What would characterize a government "farther to the right than Harper" that would make them unelectable?


----------



## groovetube (Jan 2, 2003)

why is the sky blue?


----------



## EvanPitts (Mar 9, 2007)

Macfury said:


> What would characterize a government "farther to the right than Harper" that would make them unelectable?


Any further to the right and, gasp, a goverment may actually get a grasp on waste, corruption and welfraud - which would be unpopular with all of the pocket votes that put governments into power in the first place. Oh, and can you imagine the hate-in the CBC would have! beejacon


----------



## groovetube (Jan 2, 2003)

oh yes and we all know how well conservatives keep their promises on fixing waste...

Oh right. I forgot. It's the liberals fault...
:lmao:


----------



## Ottawaman (Jan 16, 2005)

EvanPitts said:


> Any further to the right and, gasp, a goverment may actually get a grasp on waste, corruption and welfraud - which would be unpopular with all of the pocket votes that put governments into power in the first place. Oh, and can you imagine the hate-in the CBC would have! beejacon


So politicians from the right are the proper financial stewards of our Country?
Is this pattern exemplified by Mr. Mulroney?


----------



## groovetube (Jan 2, 2003)

Ottawaman said:


> So politicians from the right are the proper financial stewards of our Country?
> Is this pattern exemplified by Mr. Mulroney?


no OM.... the liberals made him do it...
:baby:


----------



## Macfury (Feb 3, 2006)

Ottawaman said:


> So politicians from the right are the proper financial stewards of our Country?
> Is this pattern exemplified by Mr. Mulroney?


No--his government wasn't remotely conservative.
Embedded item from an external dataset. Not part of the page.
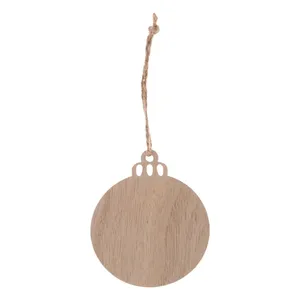 Boule de Noël en bois personnalisée Rosvik en forme d'étoile et décorations d'arbre, gadgets personnalisables - Product Image 3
Big spenders, big tax hikes.


----------



## Ottawaman (Jan 16, 2005)

Ok, so from what I have read Harper had increased the size of government to new levels ( before the recession he claimed would not occur during late 2008). Is he a real conservative? Or is he a betrayer of the party and therefore a hypocrite who watered down his principles to hold onto power?


----------



## Macfury (Feb 3, 2006)

Ottawaman said:


> Ok, so from what I have read Harper had increased the size of government to new levels ( before the recession he claimed would not occur during late 2008). Is he a real conservative? Or is he a betrayer of the party and therefore a hypocrite who watered down his principles to hold onto power?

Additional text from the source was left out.